Although my family and I spent most of our summers outdoors in upstate New York, Maine, and Switzerland (pretentious, I know, but I did grow up in Italy), I’m not a professional hiker by any means. I’m still not great at reading maps, and I check obsessively around me to make sure I don’t have an audience when peeing in the woods.

But boy, do I love it. I love the stretching of sinewy limbs, of struggling to catch my breath, of scraping against rocks. I love the smell of sweat and the feeling of mud drying in the lines of my hands. I love the way sunlight filters through the trees and how there’s no concrete in sight. I love all the green. Do you ever think about how much green you see in a day? Not enough, I bet. Not by a long shot.

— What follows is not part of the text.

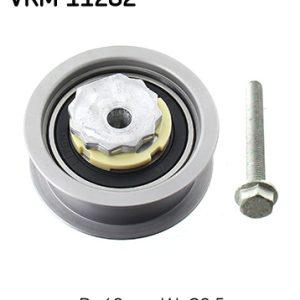 Rola intinzator curea distributie SKODA SCALA (NW1) 1.5 TSI benzina 150 cai SKF VKM 11282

I love knowing that when my ribcage feels like it’s closing in, when the emails are piling up and the unanswered text messages are looming, that I can take a break from it all. I can opt outside.  

This past Friday, the National Park Service opened its doors, so to speak, and made entrance to all national parks free to celebrate the National Park Service’s 101st birthday. I sacrificed one of my long-hoarded vacation days and took the day off work. I convinced a few friends to join me. We laughed on the drive to the Shenandoah and traded embarrassing stories from high school. We stopped looking at our phones, and focused on the trail ahead. We didn’t talk about our jobs. My bad knee shook on the ascent because I’m a little out of shape, and the water in the pools was just a smidge too cold.

The iciness of that first jump into the water knocks the air out of your chest. It’s sharp. It pulls you away from thinking about all the chaos waiting for you back home and says, look here, be here. Inhale, exhale. Stare up at all the green around you. Be outside.